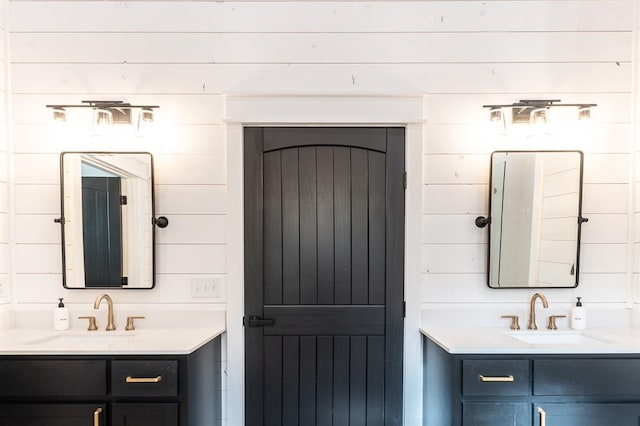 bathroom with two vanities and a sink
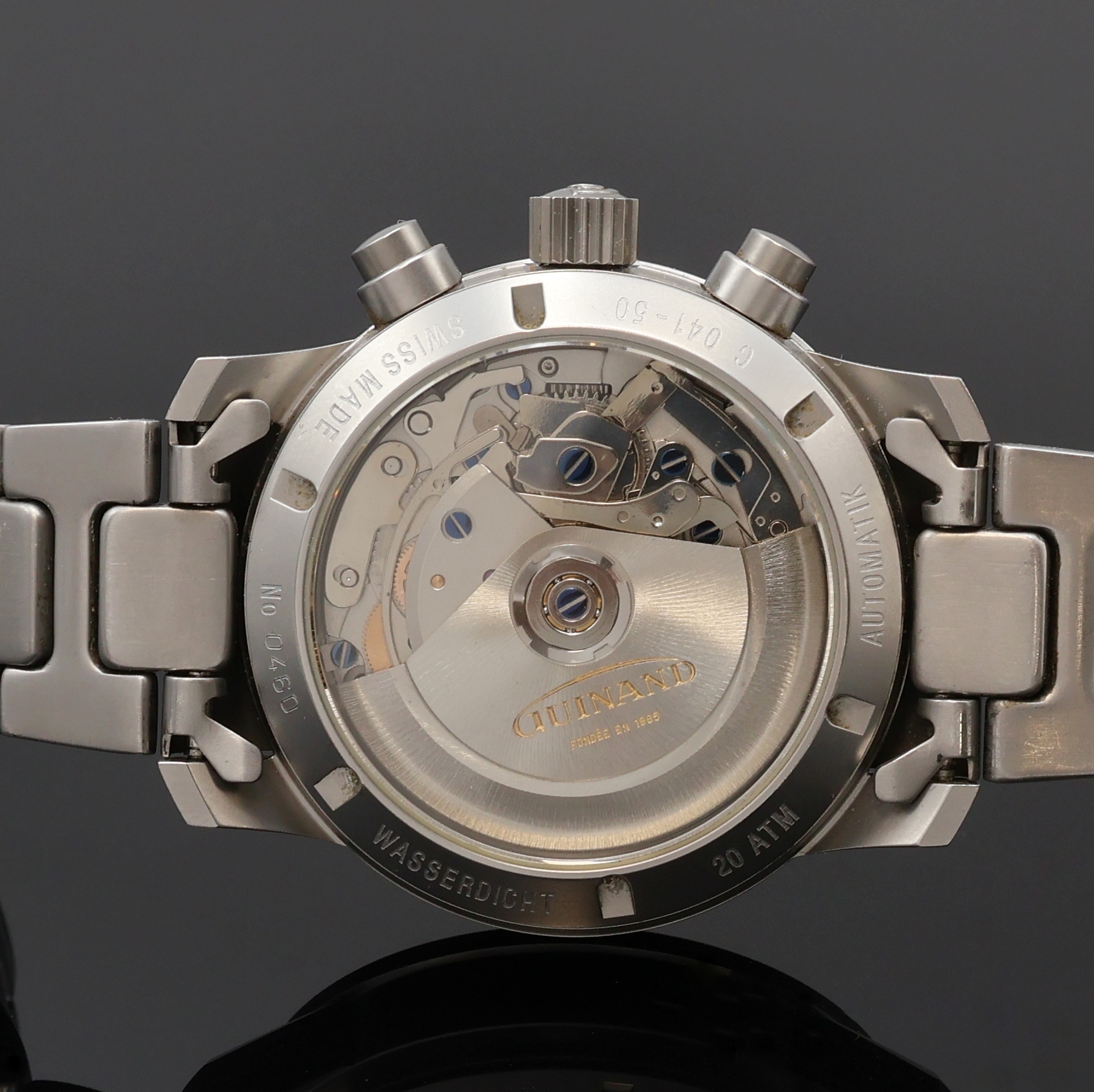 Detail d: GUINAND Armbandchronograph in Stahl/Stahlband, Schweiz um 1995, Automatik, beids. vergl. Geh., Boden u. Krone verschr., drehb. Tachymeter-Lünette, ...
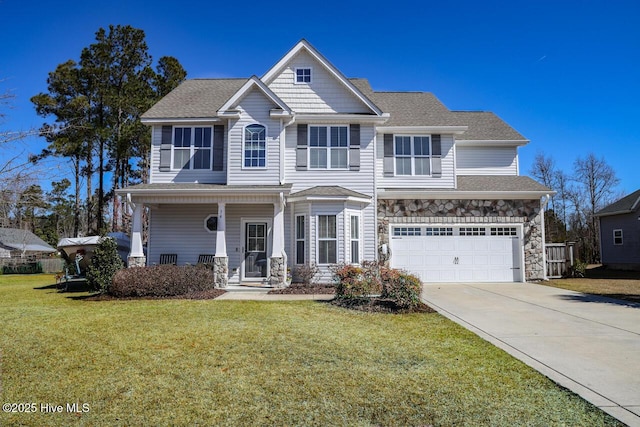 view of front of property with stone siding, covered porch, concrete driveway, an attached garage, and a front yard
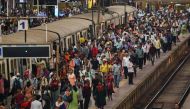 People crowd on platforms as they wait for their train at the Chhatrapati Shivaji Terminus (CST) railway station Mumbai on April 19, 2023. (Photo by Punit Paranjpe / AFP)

...

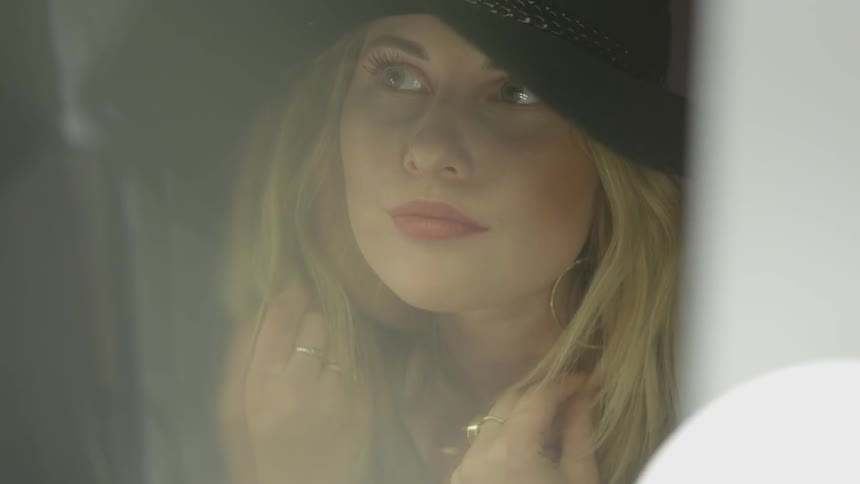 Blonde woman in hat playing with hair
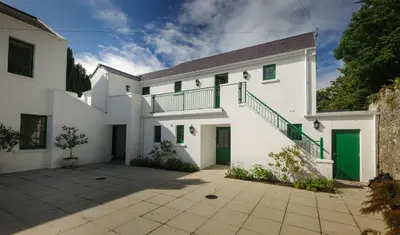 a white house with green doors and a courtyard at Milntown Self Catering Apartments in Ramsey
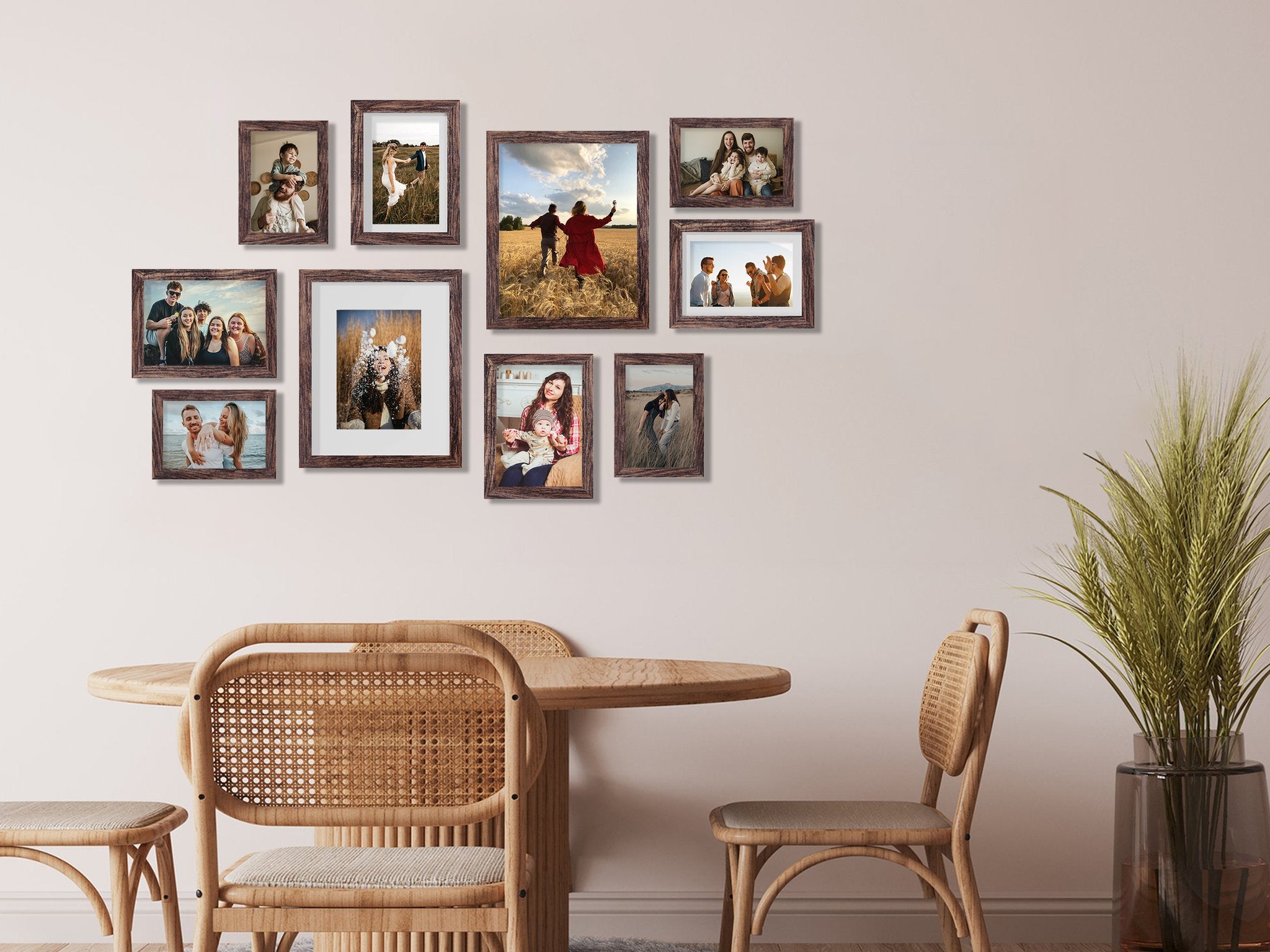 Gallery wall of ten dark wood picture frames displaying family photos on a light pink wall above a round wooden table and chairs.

### INSTRUCTIONS FOR THE TASK
Above are the records. Copy only the lines from the one with "bathroom with two vanities and a sink" through the one with "view of front", exactly, with no pictures.

### OUTPUT OF THE TASK
 bathroom with two vanities and a sink
 Detail d: GUINAND Armbandchronograph in Stahl/Stahlband, Schweiz um 1995, Automatik, beids. vergl. Geh., Boden u. Krone verschr., drehb. Tachymeter-Lünette, ...
 view of front of property with stone siding, covered porch, concrete driveway, an attached garage, and a front yard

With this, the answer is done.